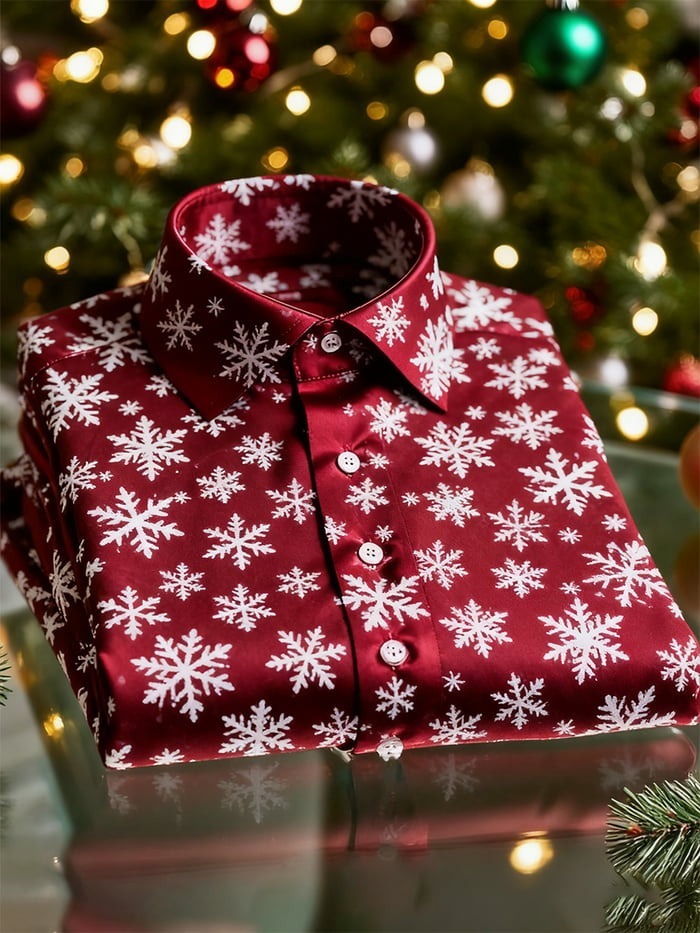 Men's Christmas Long Sleeve Button-Down Shirt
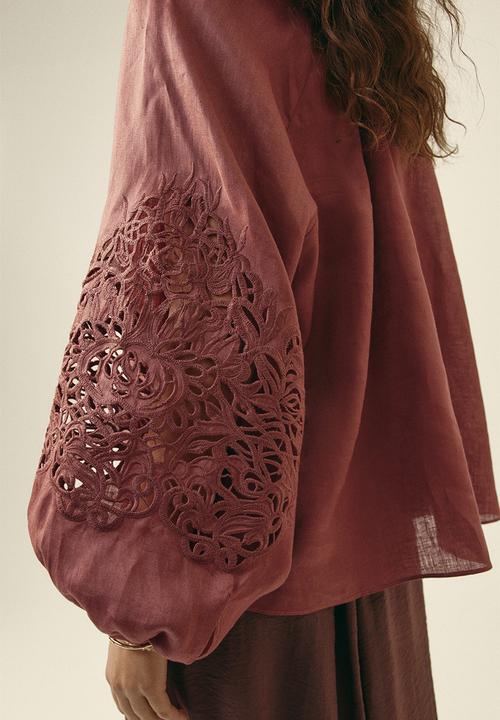 H&M - Broderie anglaise linen blouse - dusty red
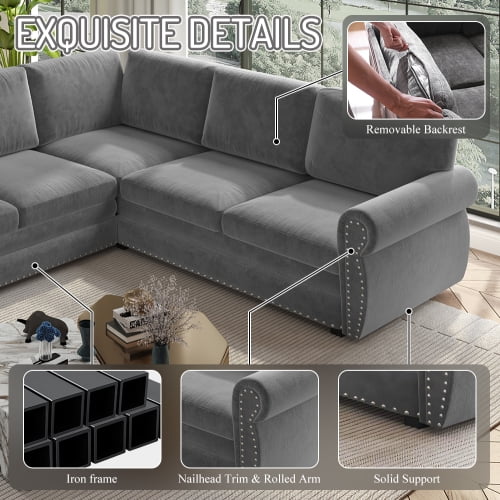 118" L-Shaped Sectional Sleeper Sofa with King Size Pull-Out Bed, Chenille Upholstered, Nailhead Trim & Rolled Arms, Grey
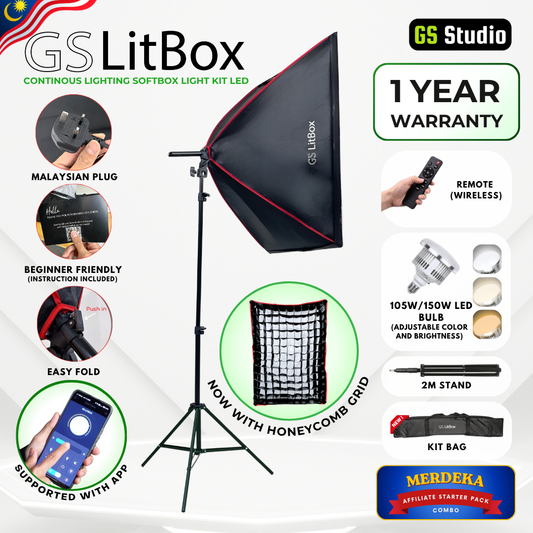 GS LitBox Continous Lighting Softbox Light Kit LED Video Photo Light Adjustable Color Temp & Brightness Wireless Remote APP Control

************

### Task brief
Keep the pictures out, and write out the rest of the data above word for word.

### Result of this exercise
 Men's Christmas Long Sleeve Button-Down Shirt
 H&M - Broderie anglaise linen blouse - dusty red
 118" L-Shaped Sectional Sleeper Sofa with King Size Pull-Out Bed, Chenille Upholstered, Nailhead Trim & Rolled Arms, Grey
 GS LitBox Continous Lighting Softbox Light Kit LED Video Photo Light Adjustable Color Temp & Brightness Wireless Remote APP Control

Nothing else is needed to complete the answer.